2

I am trying to integrate together KerasTuner and Mlflow. I'd like to record the loss at each epoch of each trial of Keras Tuner.

My approach is:


class MlflowCallback(tf.keras.callbacks.Callback):
    
    # This function will be called after each epoch.
    def on_epoch_end(self, epoch, logs=None):
        if not logs:
            return
        # Log the metrics from Keras to MLflow     
        mlflow.log_metric("loss", logs["loss"], step=epoch)
    

from kerastuner.tuners import RandomSearch

with mlflow.start_run(run_name="myrun", nested=True) as run:
  
  tuner = RandomSearch(
      train_fn,
      objective='loss',
      max_trials=25, 
  )
  tuner.search(train,
              validation_data=validation, 
              validation_steps=validation_steps,
              steps_per_epoch=steps_per_epoch, 
              epochs=5, 
              callbacks=[MlflowCallback()]
  )

However, the loss values are reported (sequentially) in one single experiment.
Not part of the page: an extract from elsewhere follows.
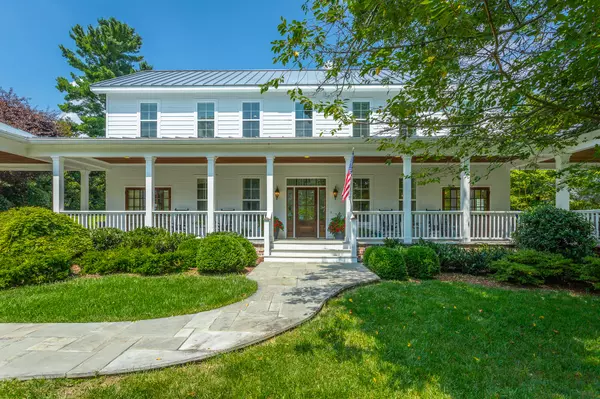 Lookout Mountain, TN 37350,111 Sylvan DR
Is there a way to record them independently? Loss values

Innat
  • 16,113
  • 6
  • 53
  • 101
Titus Pullo
  • 3,751
  • 15
  • 45
  • 65

2 Answers2

0

The line

with `mlflow.start_run(run_name="myrun", nested=True)` as run:

is what's causing that each training is stored in the same experiment. Don't use it and mlflow will automatically create one different experiment for each training performed by the tuner.search

Arturo Moncada-Torres
  • 1,236
  • 14
  • 23
0

The answer is pretty simple, instead of using Callback, you need to subclass the HyperModel from KerasTuner like this:

# Create a HyperModel subclass
class SGNNHyperModel(keras_tuner.HyperModel):

    def build(self, hp):
        # Create your model, set some hyper-parameters here
        model = SomeModel()

        return model

    def fit(self, hp, model, *args, **kwargs):
        with mlflow.start_run():
            mlflow.log_params(hp.values)
            mlflow.tensorflow.autolog()
            return model.fit(*args, **kwargs)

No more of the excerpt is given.